Here is a chart of the correlation between the EUR/USD and Oil Prices for information purposes:
Take Two of Bailout Drama
Although there are many reasons to explain the dollar’s recent strength against the Euro, the latest wave of buying has been triggered by take two of the bailout drama. The Senate is slated to vote on a new $700 bailout plan that includes an increase in the FDIC insurance cap from $100,000 to $250,000 this evening and then its off to House for approval. Politically, it would be damaging to both the Democrats and Republicans if the second attempt does not pass. Adding to the Euro’s weakness and the dollar’s strength were hawkish comments from Fed President Plosser and the stronger ADP employment numbers. Plosser, who is usually more hawkish than his counterparts said that he is skeptical about a rate cut even though the market has completely priced in a 25bp rate cut for October.
Don’t Believe ADP
As for the ADP, unfortunately I do not think there is any truth to the numbers especially since the report only captures the first 2 weeks of September. This would not be the first time that the ADP has overestimated non-farm payrolls. There is no question that the US economy remains weak and the big drop in the manufacturing ISM index confirms that. The index fell to the lowest level since October 2001 but what I find more interesting is the fact that the employment index dropped significantly as well.
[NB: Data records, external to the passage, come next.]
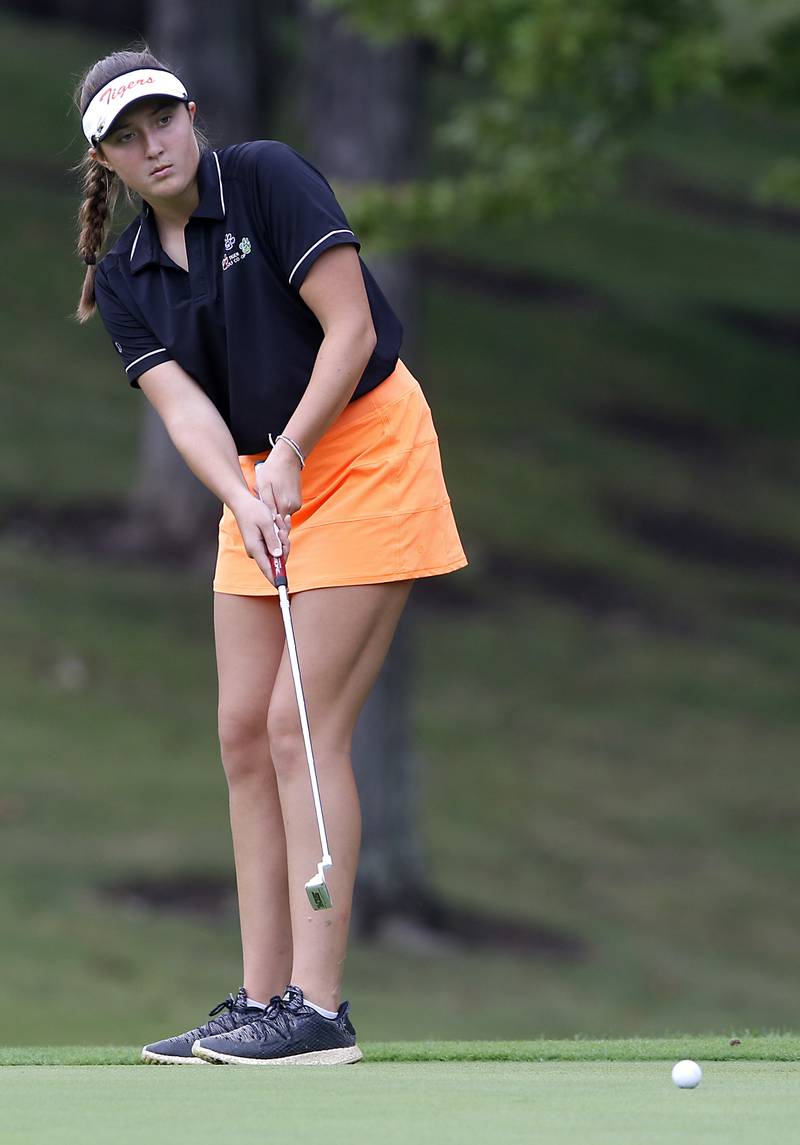 Crystal Lake Co-op’s Addison Cleary putts on 15th green during the Fox Valley Conference Girls Golf Tournament Wednesday, Sept. 20, 2023, at Crystal Woods Golf Club in Woodstock.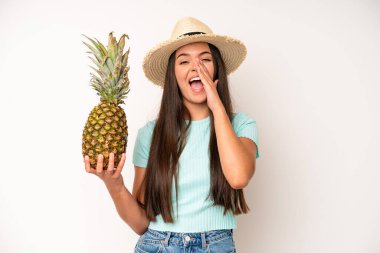 hispanic pretty woma looking puzzled and confused. pineapple and summer concept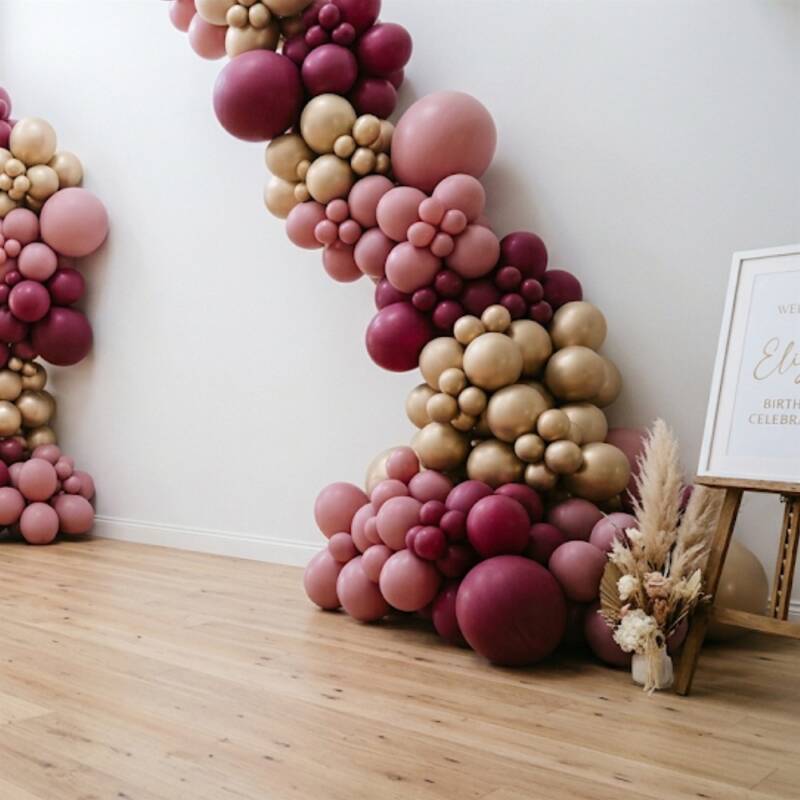 Organic balloon garland in dusty pink, burgundy and gold cascading down a wall
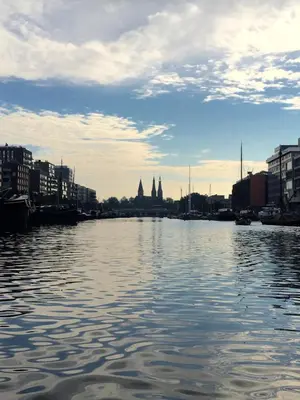 a view of a river with buildings and a city at Houseboat Westerdok in Amsterdam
Premature for ECB to Cut Rates
Trouble also continues to brew in Europe. There is talk that EU leaders could be discussing a TARP like plan for the Eurozone. Whether this passes remains to be seen, but it does tell us that European leaders are worried that more banks could collapse.
The bottom line is that the situation in Europe is not much better which is why the EUR/USD has tumbled. With that in mind however, the ECB still believes that cutting interest rates is premature. At best, Trichet’s tone could be slightly more dovish at tomorrow’s ECB meeting.